These fixes made the system safer and more predictable. The model was not just being asked to “detect scams.” It was being asked to follow a strict safety contract.

Urdu UX needed real product work

The Urdu interface also needed more work than I expected.

Direct translations sounded unnatural. Some headings needed different line heights. Mixed Urdu and Latin model names could reorder unexpectedly. Mobile controls needed more vertical space, especially in right-to-left layout.

I also tested a bundled Nastaliq webfont. It looked beautiful in isolation, but inside the product UI it reduced readability and made the interface feel less consistent. I removed it and returned to a system Arabic font stack while keeping the improved Urdu copy and RTL layout.

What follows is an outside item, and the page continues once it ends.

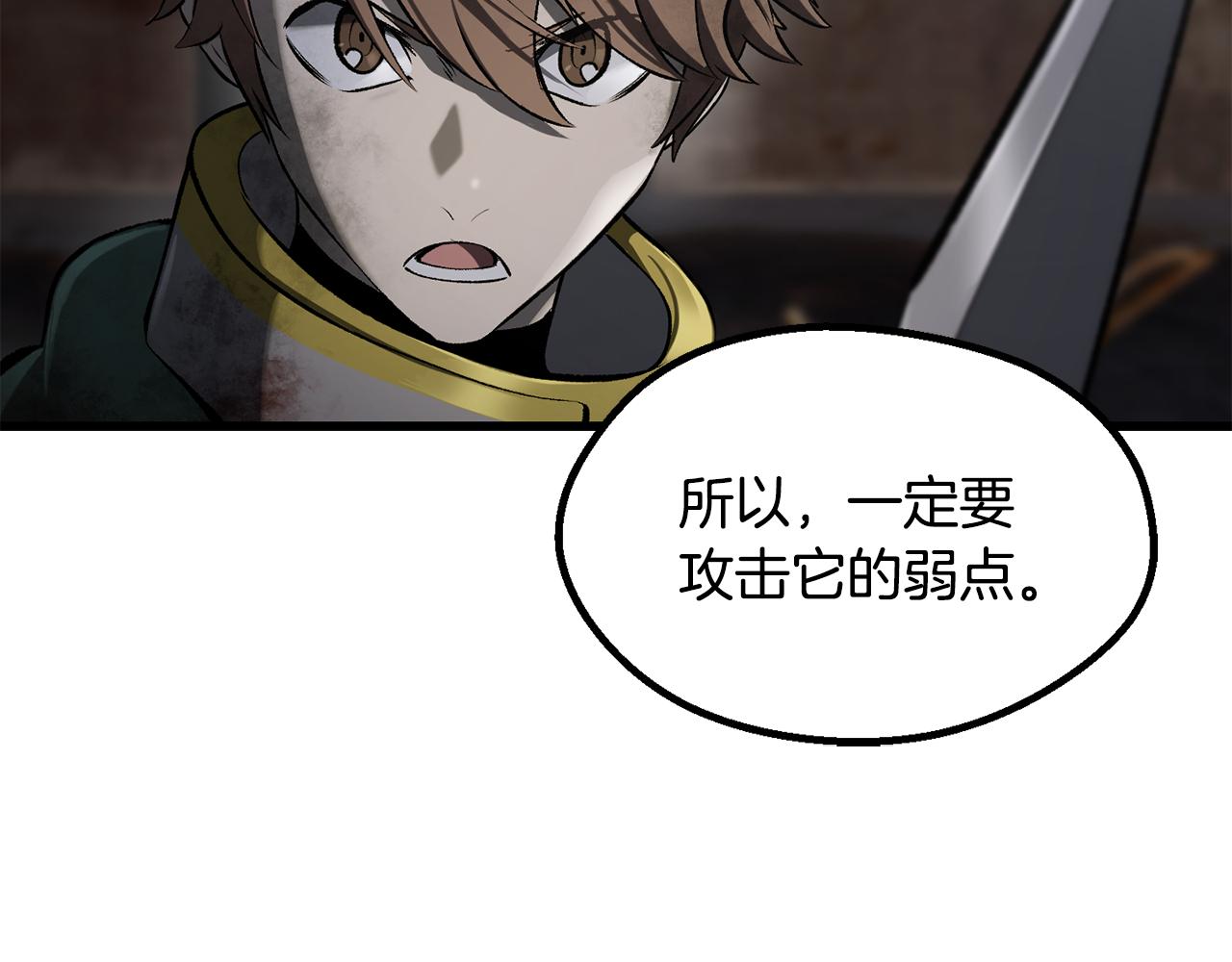 拔劍九億次 - 第249話 你們對我做了什麼(1/5) - 6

These were not just design details. They affected whether the app felt clear, usable, and trustworthy.

The main lesson

The final lesson was that the best model for a product is not always the biggest model.

For this project, Qwen3.6 27B gave the best raw quality, but Qwen3.5 4B gave the best product balance. It was small, fast, affordable, and good enough for the clearly defined task.

That tradeoff is exactly what made the project feel right for Build Small.

Building with Codex

Codex helped me move much faster across the project, especially because this was not just a simple model demo. Pakistan Notice Helper needed a custom frontend, a Gradio backend, a Modal-hosted llama.cpp server, screenshot support, Urdu mode, tests, documentation, and a safer output pipeline.

The full code is available in the GitHub repository.

I used Codex as an engineering collaborator rather than only a code generator. It helped inspect the existing repository, implement changes, run tests, debug issues, update documentation, and keep the Modal, Gradio, and llama.cpp setup aligned with the deployed system.

One of the most useful parts was building a custom HTML, CSS, and JavaScript interface while still keeping Hugging Face Spaces compatibility through Gradio Server. Instead of using the default Gradio component layout, the app uses a product-style frontend that talks to Gradio’s queued API routes and SSE protocol in the background.

This made the final Space feel more like a real local safety tool than a standard model playground. Codex also helped with repeated UI refinements, including the English/Urdu switch, mobile layout fixes, result cards, cached examples, trace controls, and cleaner documentation for the deployment flow.

For me, the biggest benefit was speed of iteration. I could describe the product behavior I wanted, review the implementation, test it, and then keep refining the app until the frontend, backend, model endpoint, and safety constraints worked together.

Privacy-safe traces

I also added an optional public trace feature so people can understand how the app is being used without exposing private user content.

The trace option is visible inside the app and can be disabled before each request. When enabled, it records only limited request-level metadata, not the full user message or screenshot. Text is redacted and capped. Images are represented through fixed summaries and are not stored.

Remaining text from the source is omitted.